Constructions of Binary Optimal Locally Repairable Codes via Intersection Subspaces

Locally repairable codes (LRCs), which can recover any symbol of a codeword by reading only a small number of other symbols, have been widely used in real-world distributed storage systems, such as Microsoft Azure Storage and Ceph Storage Cluster. Since the binary linear LRCs can significantly reduce the coding and decoding complexity, the construction of binary LRCs is of particular interest. To date, all the known optimal binary linear LRCs with the locality $2^b$ ($b\geq 3$) are based on the so-called partial spread which is a collection of the same dimensional subspaces with pairwise trivial, i.e., zero-dimensional intersection.

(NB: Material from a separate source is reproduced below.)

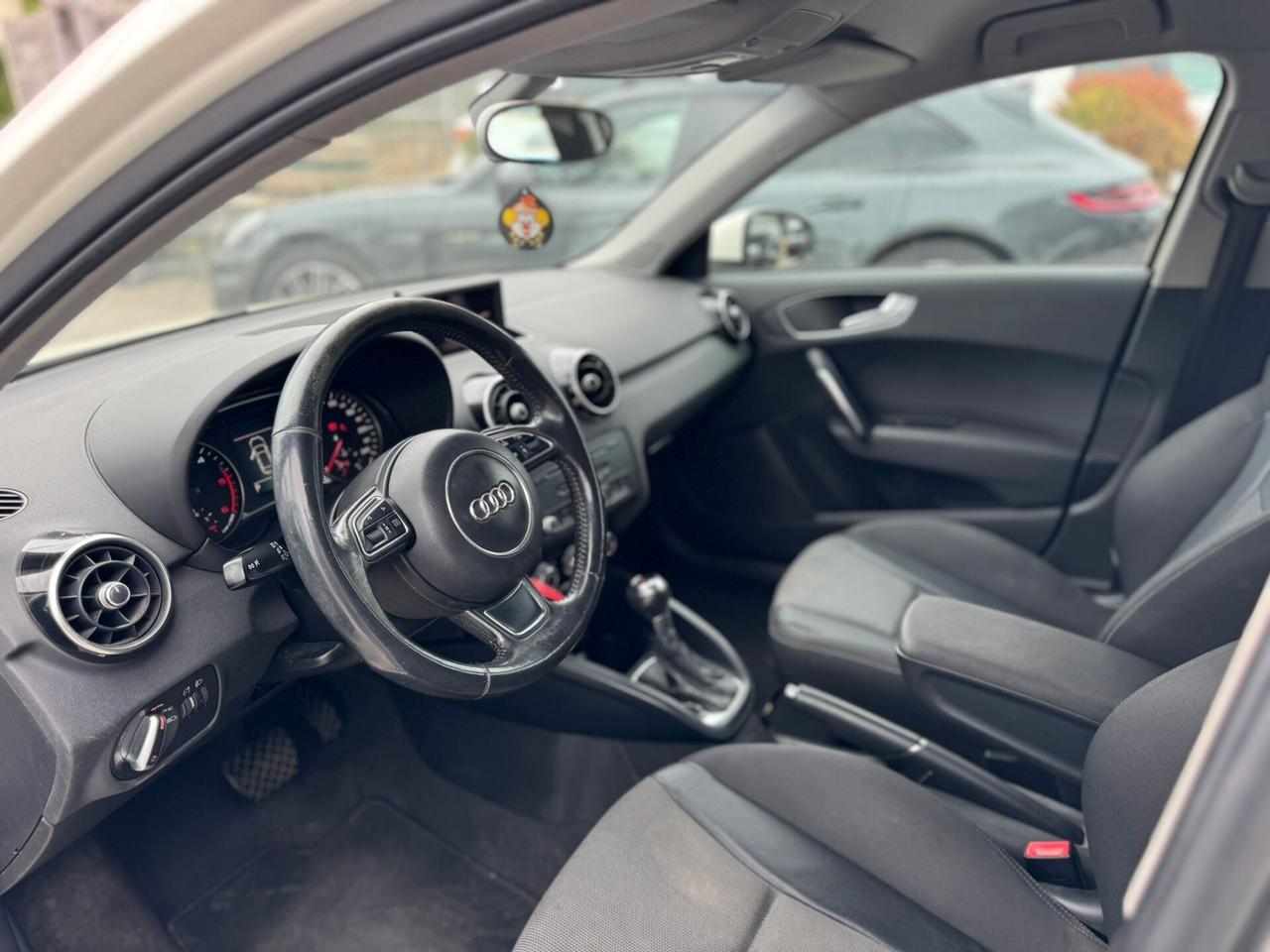 Audi A1 SPB 1.6 TDI S tronic Ambition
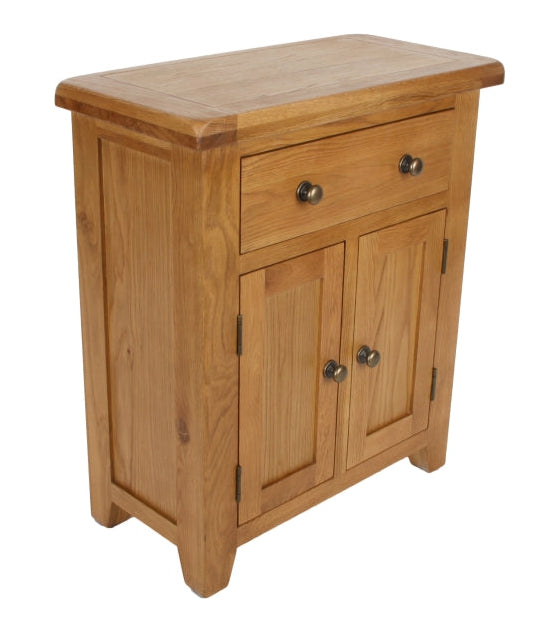 Torino Mini oak Sideboard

In this paper, we concentrate on binary linear LRCs with disjoint local repair groups. We construct dimensional optimal binary linear LRCs with locality $2^b$ ($b\geq 3$) and minimum distance $d\geq 6$ by employing intersection subspaces deduced from the direct sum vs. the traditional partial spread construction. This method will increase the number of possible repair groups of LRCs as many as possible, and thus efficiently enlarge the range of the construction parameters while keeping the largest code rates compared with all known binary linear LRCs with minimum distance $d\geq 6$ and locality $2^b$ ($b\geq 3$).